• [Task]: For this exercise, copy exactly only the lines from the one containing "Travelodge Харлоу Экстерьер фото" to the final line of the material below, without the pictures.

• [Exercise data]:
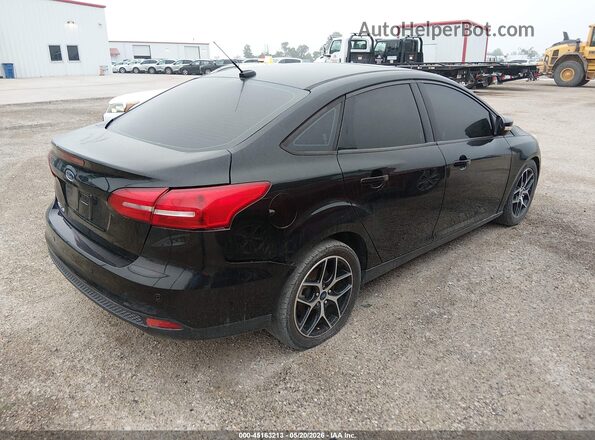 1FADP3H23JL312775 2018 FORD FOCUS Черный Задняя правая четверть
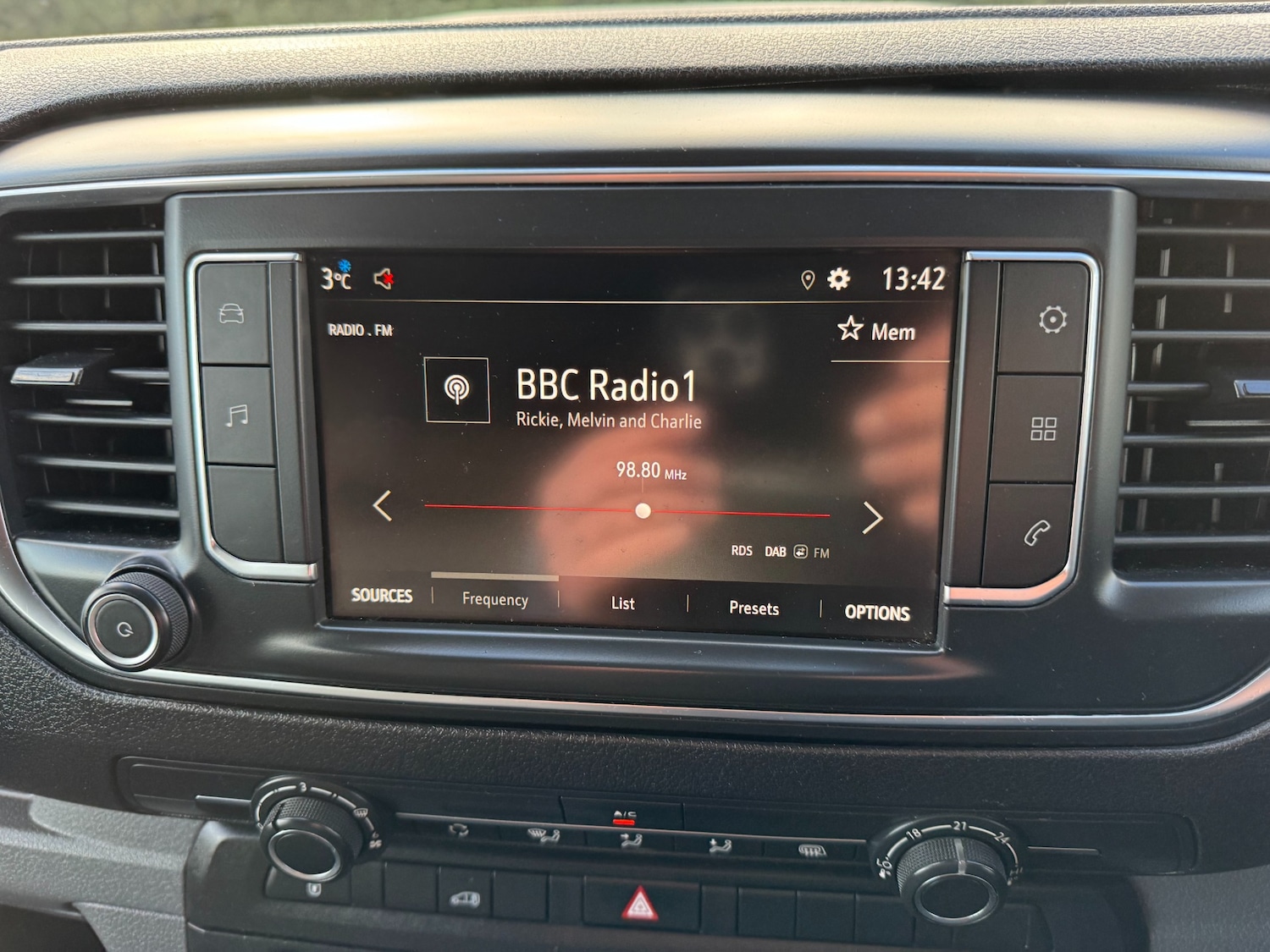 Used Vauxhall Vivaro 2019 for sale - 76638773: Photo 11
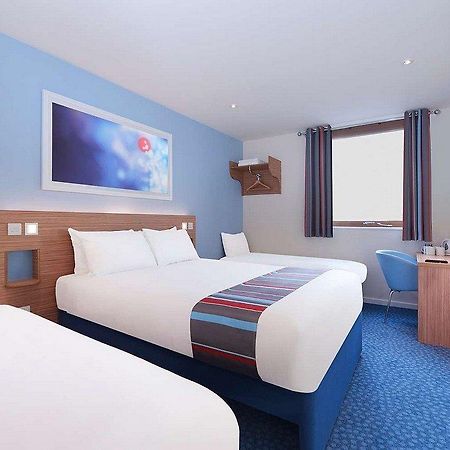 Travelodge Харлоу Экстерьер фото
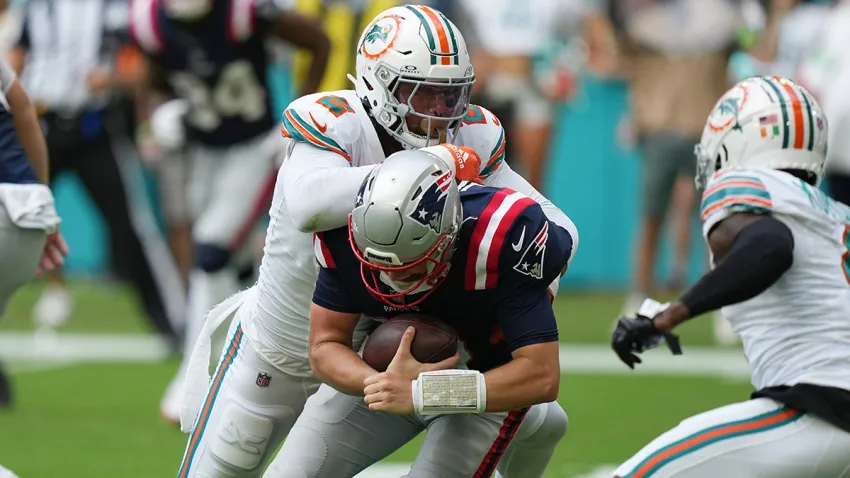 Patriots quarterback Mac Jones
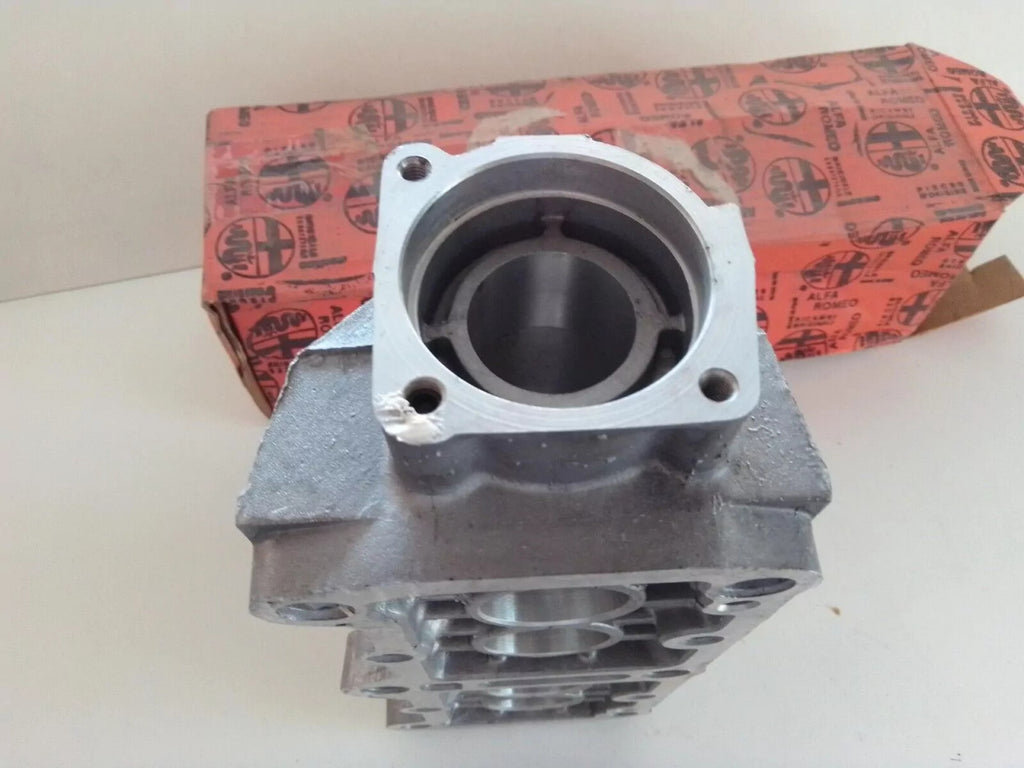 Valve Cover Right fits Alfa Romeo 33 145 146 60778403 Genuine View Right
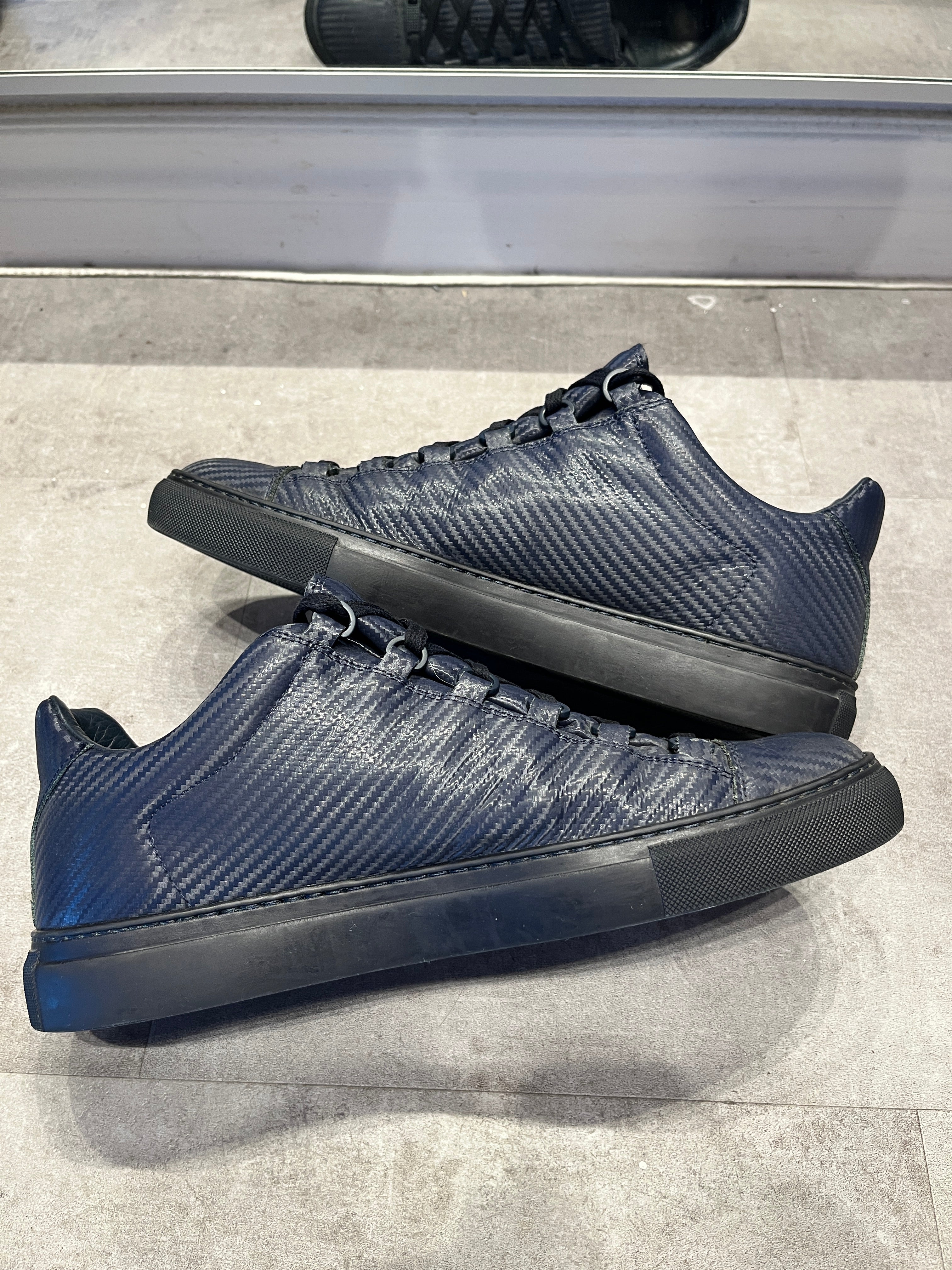 Balenciaga Arena Low Navy (Preowned)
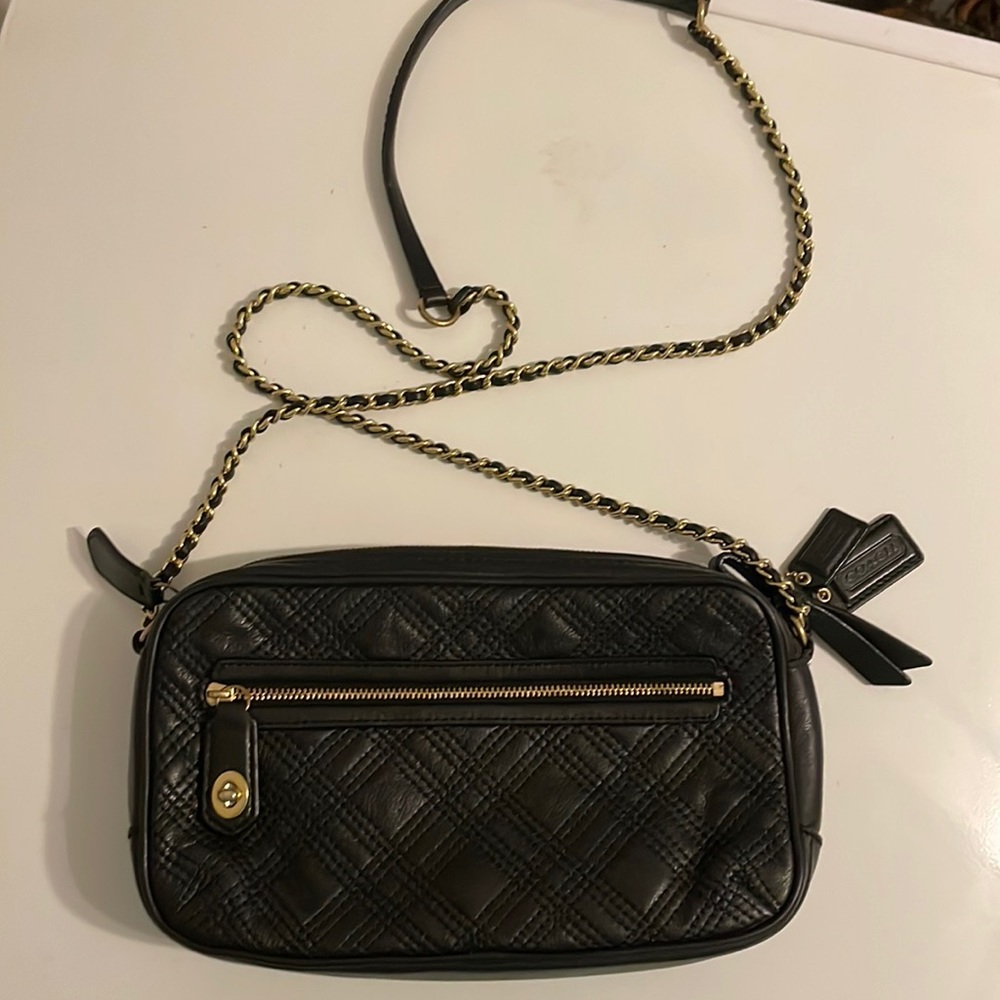 COACH HANDBAG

• [Response to this exercise]:
 Travelodge Харлоу Экстерьер фото
 Patriots quarterback Mac Jones
 Valve Cover Right fits Alfa Romeo 33 145 146 60778403 Genuine View Right
 Balenciaga Arena Low Navy (Preowned)
 COACH HANDBAG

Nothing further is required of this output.